[Data extract Boundary: Start]
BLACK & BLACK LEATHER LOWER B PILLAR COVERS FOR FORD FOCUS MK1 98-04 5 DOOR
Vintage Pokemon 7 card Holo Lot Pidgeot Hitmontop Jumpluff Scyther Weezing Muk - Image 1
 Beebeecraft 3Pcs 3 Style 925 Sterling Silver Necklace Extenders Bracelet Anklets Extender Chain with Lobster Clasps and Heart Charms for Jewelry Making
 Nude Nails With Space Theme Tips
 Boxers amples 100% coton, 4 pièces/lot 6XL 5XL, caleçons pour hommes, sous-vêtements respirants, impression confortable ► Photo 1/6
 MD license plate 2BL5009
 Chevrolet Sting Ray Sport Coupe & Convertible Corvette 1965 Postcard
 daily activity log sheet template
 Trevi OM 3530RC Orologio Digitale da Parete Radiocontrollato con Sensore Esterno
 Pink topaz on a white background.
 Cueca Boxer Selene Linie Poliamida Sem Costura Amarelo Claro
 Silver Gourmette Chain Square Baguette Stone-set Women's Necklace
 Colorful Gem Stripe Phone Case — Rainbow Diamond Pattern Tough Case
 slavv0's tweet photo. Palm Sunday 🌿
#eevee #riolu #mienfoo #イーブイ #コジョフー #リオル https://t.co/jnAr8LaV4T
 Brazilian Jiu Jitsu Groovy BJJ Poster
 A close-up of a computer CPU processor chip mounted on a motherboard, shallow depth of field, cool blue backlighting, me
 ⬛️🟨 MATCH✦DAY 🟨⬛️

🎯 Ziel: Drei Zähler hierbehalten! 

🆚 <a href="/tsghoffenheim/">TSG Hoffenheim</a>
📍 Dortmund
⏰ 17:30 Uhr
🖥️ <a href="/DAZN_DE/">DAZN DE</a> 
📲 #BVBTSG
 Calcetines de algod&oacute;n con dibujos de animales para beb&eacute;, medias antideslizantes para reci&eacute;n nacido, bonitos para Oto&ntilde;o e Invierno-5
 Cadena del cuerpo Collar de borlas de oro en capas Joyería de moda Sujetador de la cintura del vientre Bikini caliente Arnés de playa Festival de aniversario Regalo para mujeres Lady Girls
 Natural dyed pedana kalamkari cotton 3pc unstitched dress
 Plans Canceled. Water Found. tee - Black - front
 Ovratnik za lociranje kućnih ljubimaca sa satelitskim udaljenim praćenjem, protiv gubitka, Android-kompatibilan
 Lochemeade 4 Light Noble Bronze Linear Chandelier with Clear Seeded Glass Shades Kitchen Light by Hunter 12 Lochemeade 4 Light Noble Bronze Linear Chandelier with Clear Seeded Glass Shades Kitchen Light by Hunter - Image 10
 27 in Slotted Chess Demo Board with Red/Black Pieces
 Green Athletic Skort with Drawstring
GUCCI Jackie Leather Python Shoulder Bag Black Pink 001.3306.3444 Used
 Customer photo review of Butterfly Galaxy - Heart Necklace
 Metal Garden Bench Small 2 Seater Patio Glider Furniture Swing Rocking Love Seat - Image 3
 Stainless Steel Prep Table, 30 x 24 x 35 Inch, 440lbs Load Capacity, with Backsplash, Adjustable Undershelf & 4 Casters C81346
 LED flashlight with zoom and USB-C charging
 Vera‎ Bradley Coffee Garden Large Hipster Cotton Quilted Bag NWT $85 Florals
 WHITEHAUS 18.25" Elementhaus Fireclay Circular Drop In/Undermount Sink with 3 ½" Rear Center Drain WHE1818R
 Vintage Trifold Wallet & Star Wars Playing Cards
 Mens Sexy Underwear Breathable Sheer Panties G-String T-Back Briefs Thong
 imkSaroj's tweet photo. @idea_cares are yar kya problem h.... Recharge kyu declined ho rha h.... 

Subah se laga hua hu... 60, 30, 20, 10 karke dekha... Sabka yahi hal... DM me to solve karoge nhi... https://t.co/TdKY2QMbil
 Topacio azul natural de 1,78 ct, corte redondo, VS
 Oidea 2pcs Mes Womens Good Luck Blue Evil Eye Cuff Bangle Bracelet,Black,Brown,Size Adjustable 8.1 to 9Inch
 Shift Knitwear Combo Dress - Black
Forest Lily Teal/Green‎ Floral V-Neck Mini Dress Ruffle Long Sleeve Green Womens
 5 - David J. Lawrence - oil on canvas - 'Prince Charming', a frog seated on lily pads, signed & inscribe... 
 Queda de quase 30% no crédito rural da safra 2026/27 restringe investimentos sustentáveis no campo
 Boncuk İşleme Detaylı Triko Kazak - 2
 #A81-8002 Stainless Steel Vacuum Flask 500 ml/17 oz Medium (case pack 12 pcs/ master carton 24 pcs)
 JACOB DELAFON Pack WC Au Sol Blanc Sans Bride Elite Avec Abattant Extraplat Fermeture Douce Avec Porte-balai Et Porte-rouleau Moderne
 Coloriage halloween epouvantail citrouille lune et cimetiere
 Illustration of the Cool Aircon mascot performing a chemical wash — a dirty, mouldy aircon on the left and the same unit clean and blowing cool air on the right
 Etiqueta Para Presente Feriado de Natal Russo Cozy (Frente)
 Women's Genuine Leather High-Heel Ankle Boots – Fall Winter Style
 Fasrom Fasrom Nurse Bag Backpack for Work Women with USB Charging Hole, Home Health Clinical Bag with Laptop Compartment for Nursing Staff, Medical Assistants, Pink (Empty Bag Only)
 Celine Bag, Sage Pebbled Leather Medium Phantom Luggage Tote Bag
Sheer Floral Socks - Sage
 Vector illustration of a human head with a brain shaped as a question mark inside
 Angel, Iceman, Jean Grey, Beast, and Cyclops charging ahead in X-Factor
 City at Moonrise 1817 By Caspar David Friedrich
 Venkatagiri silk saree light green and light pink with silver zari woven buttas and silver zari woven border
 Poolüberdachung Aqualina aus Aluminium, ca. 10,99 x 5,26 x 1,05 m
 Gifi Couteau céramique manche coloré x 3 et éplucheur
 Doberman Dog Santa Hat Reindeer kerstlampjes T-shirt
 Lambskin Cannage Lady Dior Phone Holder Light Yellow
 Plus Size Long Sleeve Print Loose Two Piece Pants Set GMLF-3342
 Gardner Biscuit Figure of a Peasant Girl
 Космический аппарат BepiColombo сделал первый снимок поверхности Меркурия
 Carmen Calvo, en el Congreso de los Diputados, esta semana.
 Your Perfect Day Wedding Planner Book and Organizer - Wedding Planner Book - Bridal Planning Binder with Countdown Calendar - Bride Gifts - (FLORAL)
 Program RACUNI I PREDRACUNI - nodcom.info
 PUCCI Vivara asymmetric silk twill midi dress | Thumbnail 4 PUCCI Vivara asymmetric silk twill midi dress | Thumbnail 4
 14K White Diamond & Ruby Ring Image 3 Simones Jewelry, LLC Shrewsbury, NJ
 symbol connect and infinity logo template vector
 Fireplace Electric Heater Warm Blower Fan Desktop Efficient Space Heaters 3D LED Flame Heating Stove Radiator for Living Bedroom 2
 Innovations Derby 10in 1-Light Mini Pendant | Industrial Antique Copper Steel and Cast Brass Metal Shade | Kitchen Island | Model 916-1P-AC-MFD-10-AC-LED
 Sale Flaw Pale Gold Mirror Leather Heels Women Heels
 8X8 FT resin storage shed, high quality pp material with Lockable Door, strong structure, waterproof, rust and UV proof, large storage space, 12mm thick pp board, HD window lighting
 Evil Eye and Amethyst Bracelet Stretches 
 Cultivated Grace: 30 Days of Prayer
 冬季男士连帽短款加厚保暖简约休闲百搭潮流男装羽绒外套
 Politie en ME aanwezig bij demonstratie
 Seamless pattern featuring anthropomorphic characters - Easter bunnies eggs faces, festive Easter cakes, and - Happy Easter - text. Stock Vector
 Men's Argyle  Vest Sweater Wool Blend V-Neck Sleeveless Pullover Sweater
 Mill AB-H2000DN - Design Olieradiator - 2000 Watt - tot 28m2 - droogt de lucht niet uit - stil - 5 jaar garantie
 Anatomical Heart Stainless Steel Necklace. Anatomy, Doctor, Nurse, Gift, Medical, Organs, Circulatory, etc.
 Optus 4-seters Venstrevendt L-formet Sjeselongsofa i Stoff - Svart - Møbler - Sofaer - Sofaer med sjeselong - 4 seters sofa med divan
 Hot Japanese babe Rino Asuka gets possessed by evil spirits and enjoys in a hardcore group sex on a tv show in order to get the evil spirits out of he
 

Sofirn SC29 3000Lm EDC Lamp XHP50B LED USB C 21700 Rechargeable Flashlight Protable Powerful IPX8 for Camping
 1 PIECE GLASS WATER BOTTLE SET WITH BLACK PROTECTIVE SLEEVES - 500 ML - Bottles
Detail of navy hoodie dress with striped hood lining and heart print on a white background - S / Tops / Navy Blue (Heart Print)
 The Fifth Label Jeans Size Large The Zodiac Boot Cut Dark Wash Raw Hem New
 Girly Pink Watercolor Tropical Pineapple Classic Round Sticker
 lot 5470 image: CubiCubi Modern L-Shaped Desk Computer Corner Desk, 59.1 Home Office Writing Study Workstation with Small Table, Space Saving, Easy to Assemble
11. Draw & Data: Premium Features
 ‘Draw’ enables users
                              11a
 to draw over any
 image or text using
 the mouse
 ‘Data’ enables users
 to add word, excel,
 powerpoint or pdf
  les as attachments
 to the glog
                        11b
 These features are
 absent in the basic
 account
[Data extract Boundary: End]
▸ **Problem to work on**
Exactly as they appear above, output the lines of the data from the first through the one that contains "Nude Nails With Space Theme Tips", and only those lines.

▸ **Solution to the exercise**
BLACK & BLACK LEATHER LOWER B PILLAR COVERS FOR FORD FOCUS MK1 98-04 5 DOOR
Vintage Pokemon 7 card Holo Lot Pidgeot Hitmontop Jumpluff Scyther Weezing Muk - Image 1
 Beebeecraft 3Pcs 3 Style 925 Sterling Silver Necklace Extenders Bracelet Anklets Extender Chain with Lobster Clasps and Heart Charms for Jewelry Making
 Nude Nails With Space Theme Tips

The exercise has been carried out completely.